Converting Content Models To Schematron

This article originally appeared in an O'Reilly.com blog  November 16, 2006.

Regular grammars model constraints in the form "when we have an element with particular preceding siblings, which elements can be the following sibling?"

To do this in Schematron, we make assertions in the form

<rule context=" element [ preceding-siblings ]">
    <assert test=" immmediately-following-siblings ">The following siblings are
    expected after an <name />.</assert>
 </rule>

The preceding-siblings and following siblings may have several items, connected by the or operator. We only use one-step lookahead, so each path in the following-sibling does not have a predicate; however, the more complex the regular expression, the more predicates (including nested predicates) are needed for the preceding siblings axis.

Lets define a term. the "run", to describe a sequence of elements that corresponds to a group (sequence, choice) in the XML Schema.

Next, lets bootstrap the content model, by providing a rule that determines which elements can appear first. (This is actually an edge case of the subsequent rules, but it simplifies things conceptually to treat it separately.) Given a parent P, make a closure list of all the elements that can start S1.

<rule context=" P ">
    <assert test=" S1 or S2 ... or not(*) ">The <name /> should start with S1 or S2 ....</assert>
 </rule>

where P is the parent element, and Sn are the names of the child elements.

If the content model may be empty, the not(*) test above is used.

Next, we proceed by matching the content model to a case, in increasing order of complexity, and generating the appropriate Schematron rules for the case. Before we do this, lets handle the built-in special cases ANY, ALL, EMPTY (XSD can have particularly baroque markup for the last case). After we do this, we look at handling cardinality constraints.

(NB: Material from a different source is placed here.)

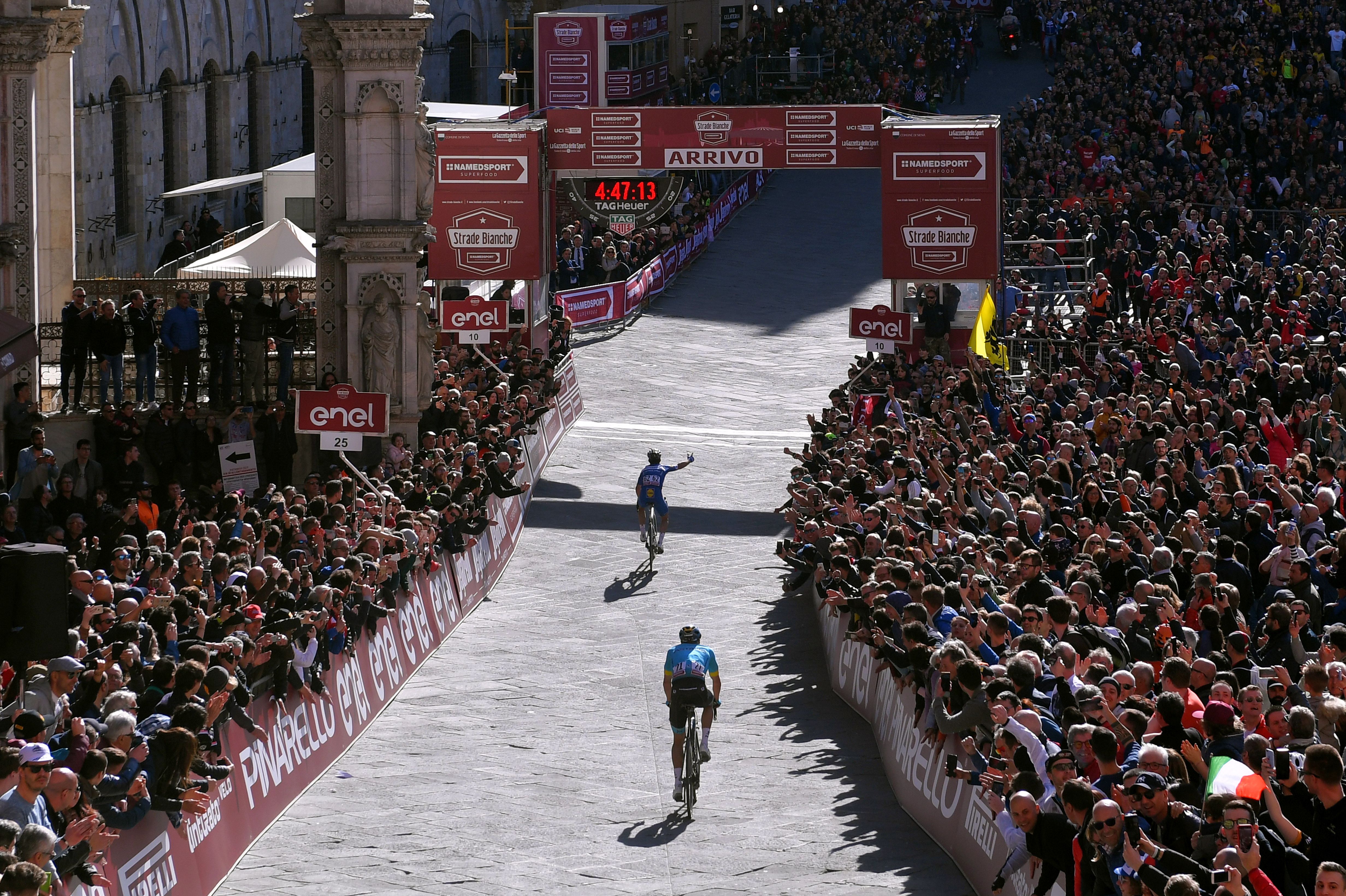 Flanders 2021: Alaphilippe é bicampeão mundial com ataque solo -  Bikemagazine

NOTE: By and large, consider all the terms in the XPaths in this note either as shortcuts for longer statements or as placeholders for information calculated from the schema: I think it is clearer like this.

SPECIAL CASES

Most grammar-based schema languages have some special declared content types. We can get these out of the way.

EMPTY or XSD’s simpleTypes can be handled as

count(child::node()) = 0)

ANY is not needed, when it means completely unconstrained content. When it means a wildcard, so that only declared elements are allowed, the assertion is trivial, as are namespace-based wildcards.

ALL can be handled as

count(*) = count( {e1}...{en} )
       count({e1}) <= e1.occurrence
        ...
       count({en}) <= en.occurrence

where the occurrence is 0 or 1 in XSD 1.0 at least.

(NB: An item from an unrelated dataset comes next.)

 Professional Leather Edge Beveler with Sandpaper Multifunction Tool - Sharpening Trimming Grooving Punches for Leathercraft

Element content can be handled by making sure there is no non-whitespace text, such as

string-length(space-normalize(.) = 0

The version for EMPTY would be something like

string-length(.) = 0

XSD has various type abstractions such as derivation by extension and restiction, however these do not need any special handling at all. (Type derivation checking is an issue for schema-checkers not instance validators.)

CONTENT MODELS

Case 1. First, lets consider the simple case of an element which is only used once in a content model: E1. The rule is easy to construct:

<rule context=" E1">
    <assert test=" F1 or F2 ... or not(following-sibling::*) ">F1 or F2 ... are
    expected after a <name />.</assert>
 </rule>

where E1 is an element name, and Fn is shorthand for following-sibling::*[1][self::Fn]

There is no preceding siblings context required. If the element can appear as the last element, the not(following-sibling::*) test is used.

This rule is enough to cope with XML DTD mixed content, with simple lists of elements, and with many simple content models such as those typically created from ER database schemas.

Case 2. Next, lets consider a case where an element E2 is used multiple times, but each time it is used it has distinct preceding sibling set. The rule to use is:

<rule context=" E2[ P1 or P2 ... or not(previous-sibling::*)]">
    <assert test=" F1 or F2 ...) ">F1 or F2 ... are
    expected after a <name />.</assert>
 </rule>
  <rule context=" E2[ P3 or P4 ...]">
    <assert test=" F3 or F4 ... or not(following-sibling::*) ">F3 or F4 ... are
    expected after a <name />.</assert>
 </rule>

where E2 is an element name, and Fn is shorthand for following-sibling::*[1][self::Fn] and Pn is shorthand for preceding-sibling::*[1][self::Pn]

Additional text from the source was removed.